**WHAT THE TASK ASKS:**
Using the records below, reproduce exactly the lines from the one containing "Ulhas Prabhakar Khaire" through the end, and nothing more; skip the images.

**EXTRACTED MATERIAL:**
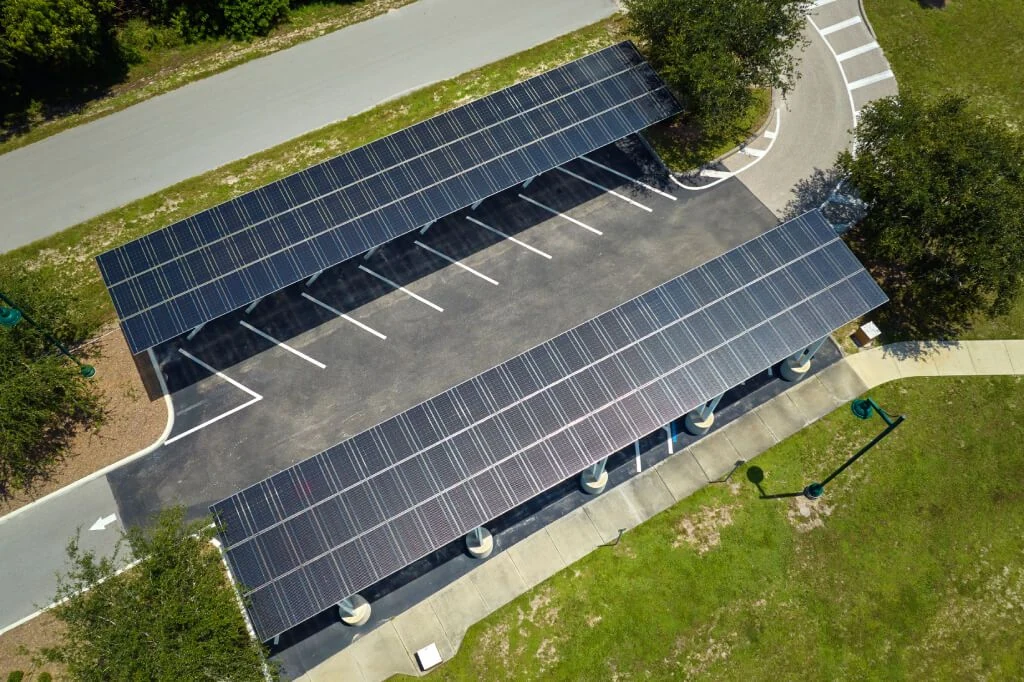 solar-panels-installed-over-parking-lot-for-parked-2023-11-27-05-13-05-utc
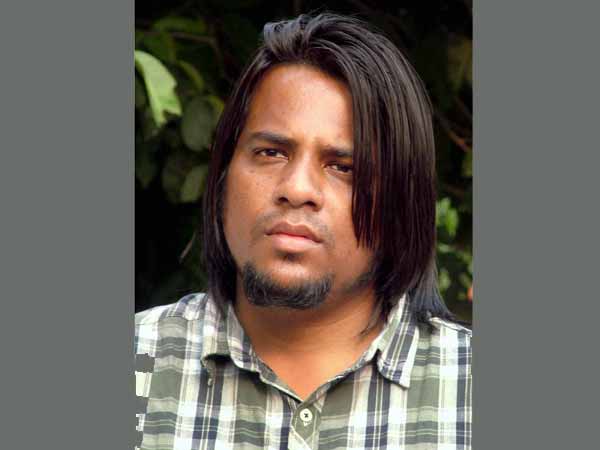 Ulhas Prabhakar Khaire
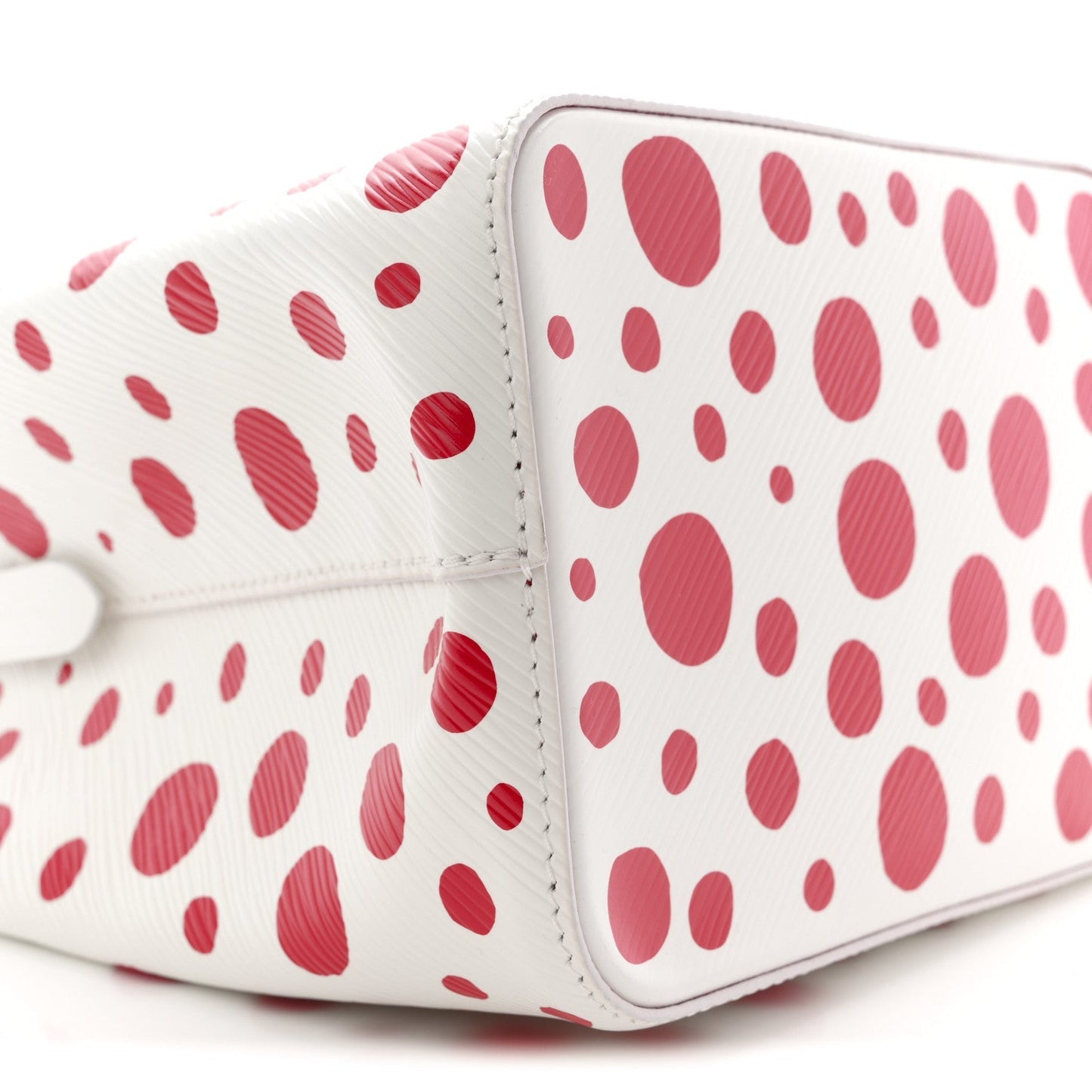 LV X YK Epi Neonoe BB Red White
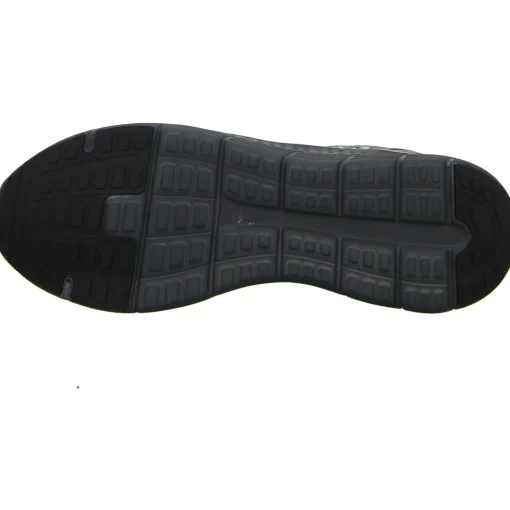 Sneakers Slipper/Kletthalbschuh Sneaker (sportlich)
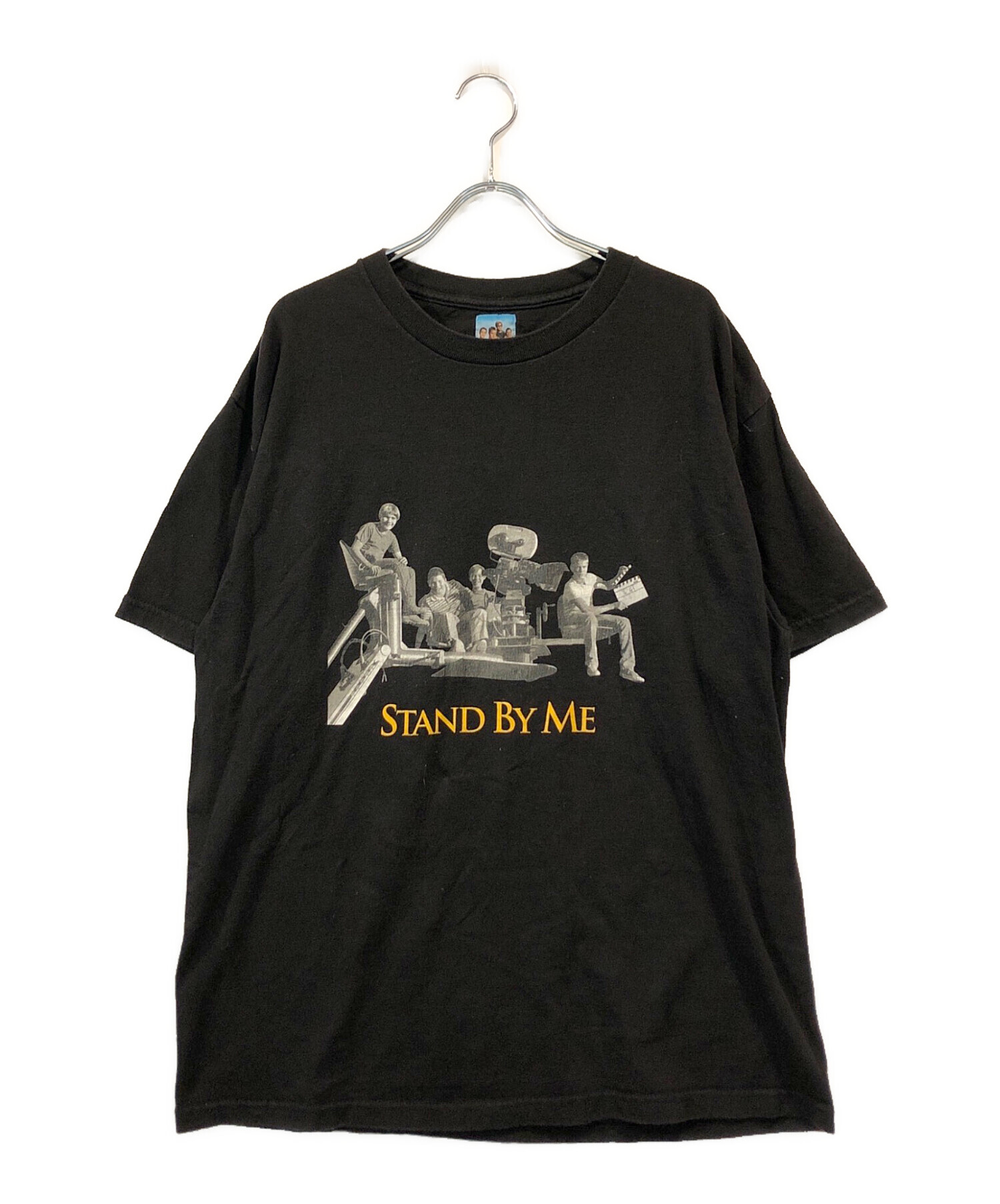 中古・古着通販】WACKO MARIA (ワコマリア) 半袖Tシャツ ブラック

**WRITTEN RESPONSE:**
 Ulhas Prabhakar Khaire
 LV X YK Epi Neonoe BB Red White
 Sneakers Slipper/Kletthalbschuh Sneaker (sportlich)
 中古・古着通販】WACKO MARIA (ワコマリア) 半袖Tシャツ ブラック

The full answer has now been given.